Dr. Buchmann says there are about 100 major agricultural crops in the United States and Canada that depend mostly on bees, to the tune of $1.2-billion a year in this country and about $10-billion (U.S.) south of the border. Just 20 years ago, he says, "the rental fee for placing one honeybee colony in an orchard was $30 (U.S.); today it can be $150 and up to $200 per colony. And we don't have enough bee colonies any more."

He's a fascinating interview, with all the delicious qualities of an obsessive. He can tell you everything that is currently known about Colony Collapse Disorder, referring me to a new book called A Spring Without Bees, which fingers a particular insecticide, IMD, for the loss of about 30 per cent of managed bee colonies. He can tell you all about killer bees ("Africanized" seems the preferred term), responsible for the deaths of four humans and hundreds of dogs, cats and horses in his native Arizona. Should you encounter them, he says, hope not to be wearing black (they see it as a predator's colour), and don't breathe (they track carbon dioxide).
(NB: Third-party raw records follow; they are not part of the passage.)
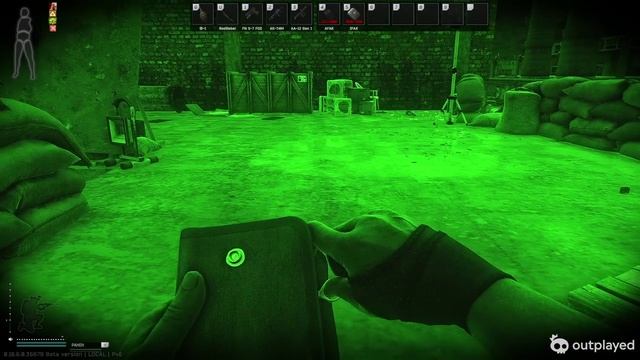 Escape from Tarkov 41K смотреть онлайн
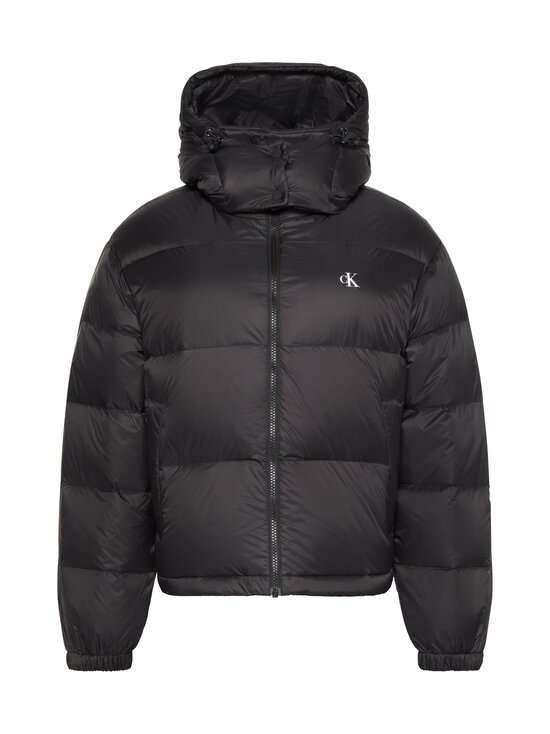 Calvin Klein Jeans - Essential Midweight Puffer -toppatakki - UB1 BLACK - photo 1 Calvin Klein Jeans - Essential Midweight Puffer -toppatakki - UB1 BLACK | Stockmann - photo 1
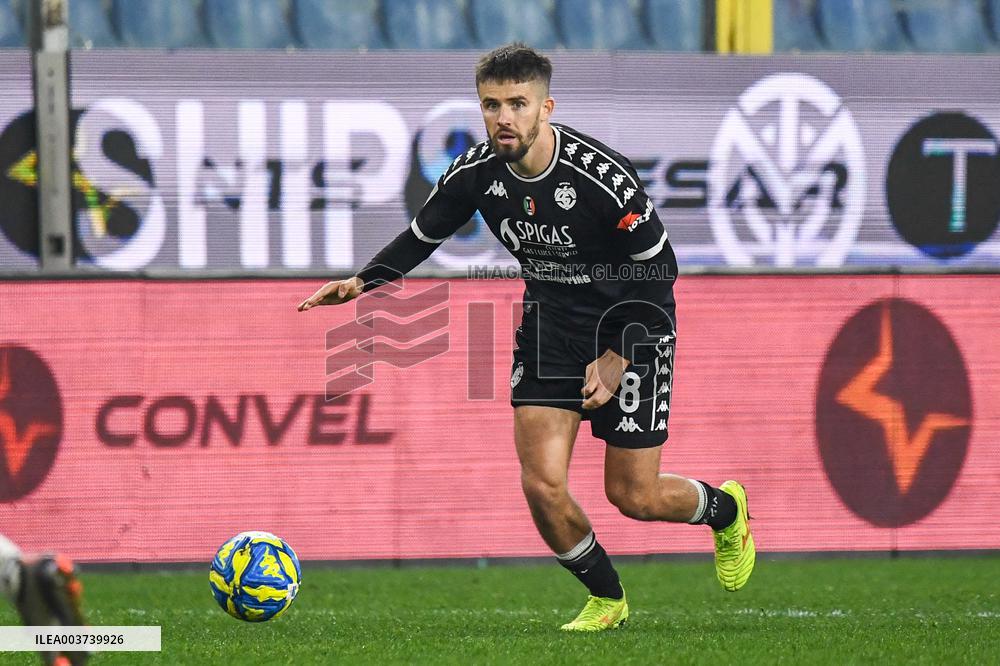 CALCIO - Serie B - UC Sampdoria vs Spezia Calcio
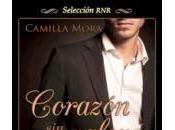 Corazón valor Camilla Mora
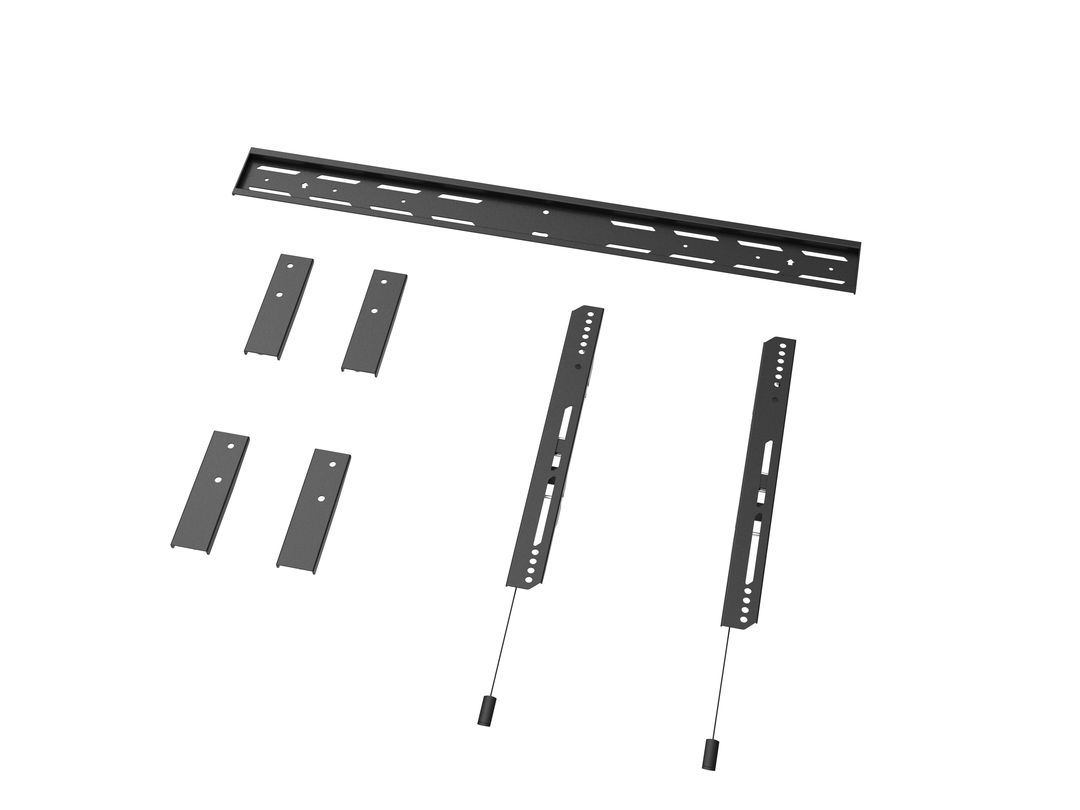 Multibrackets M Universal Wallmount Fixed X Large 42"-90" Black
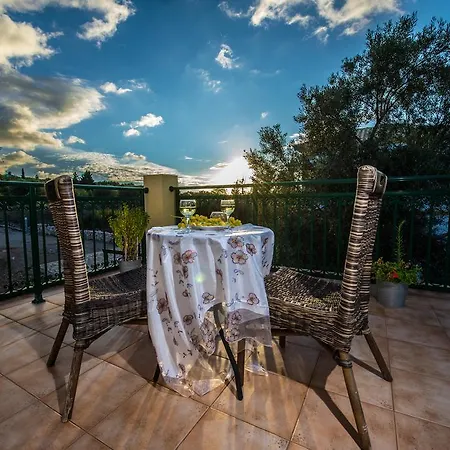 Ionides Villas Lefkada 别墅 *
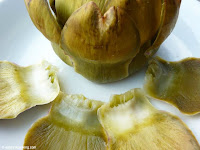 Artischoken artichokes Artichauts Carciofi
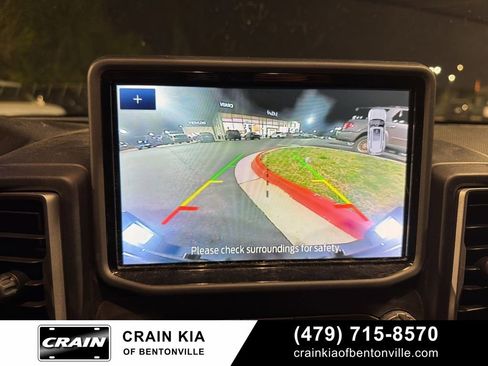 Used 2021 Ford Bronco Sport Big Bend w/ Big Bend Package (96B) AWD/4WD image 30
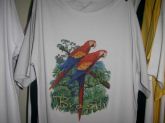 Camiseta de Algodão M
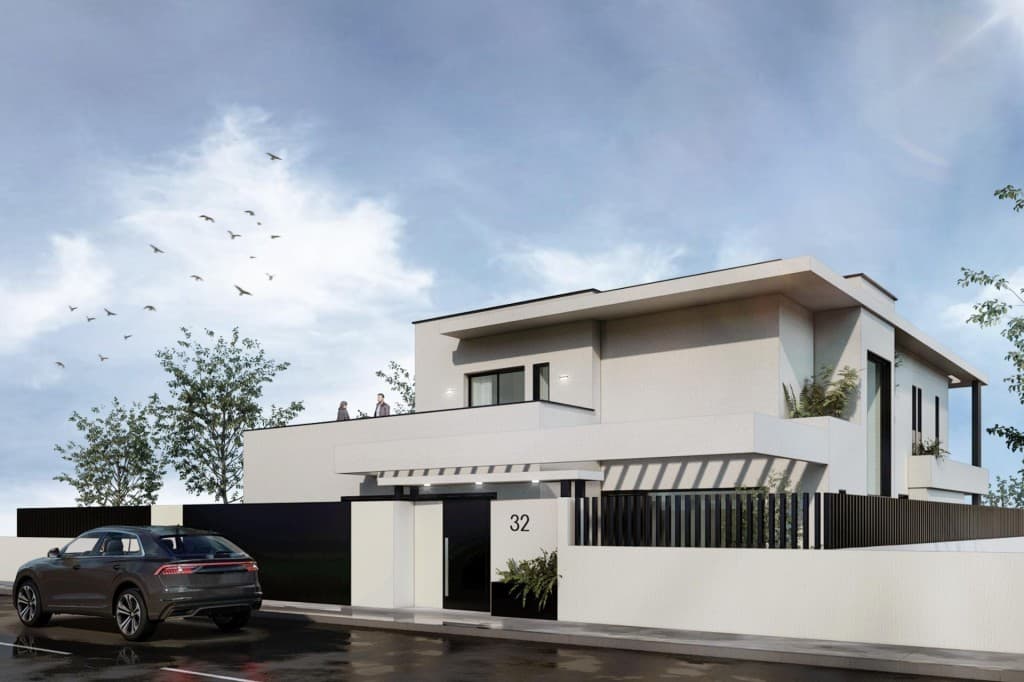 4-bed Villa in La Cala de Mijas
You'll learn that most plants are sexually quite promiscuous - they'll accept almost any pollinator that comes along - but some, like the fig, depend on a particular type of wasp. He can tell you that the way we farm now is ultimately counterproductive - "things are good," he says, "when agriculture happens in small blocks, but that's not how modern agriculture happens in Canada and the U.S. We have blocks of hundreds or thousands of hectares of the same plant - monocultures. Monocultures are not good for bees, and in the last 20 or 30 years, we've made agriculture not pollinator-friendly, with these giant, unbroken seas of similar crops. The most productive crop lands with the highest pollinator diversity are in smaller blocks, with a field of tomatoes, say, next to an oak woodland."

When it comes to crops and putting food on our tables, pollinators, he says, are the canaries in the coal mine. And, as he writes in his book, Letters from the Hive, "the world would be a desolate place without our pollinating friends, devoid of flowers, flowering plants and many of our favourite foods."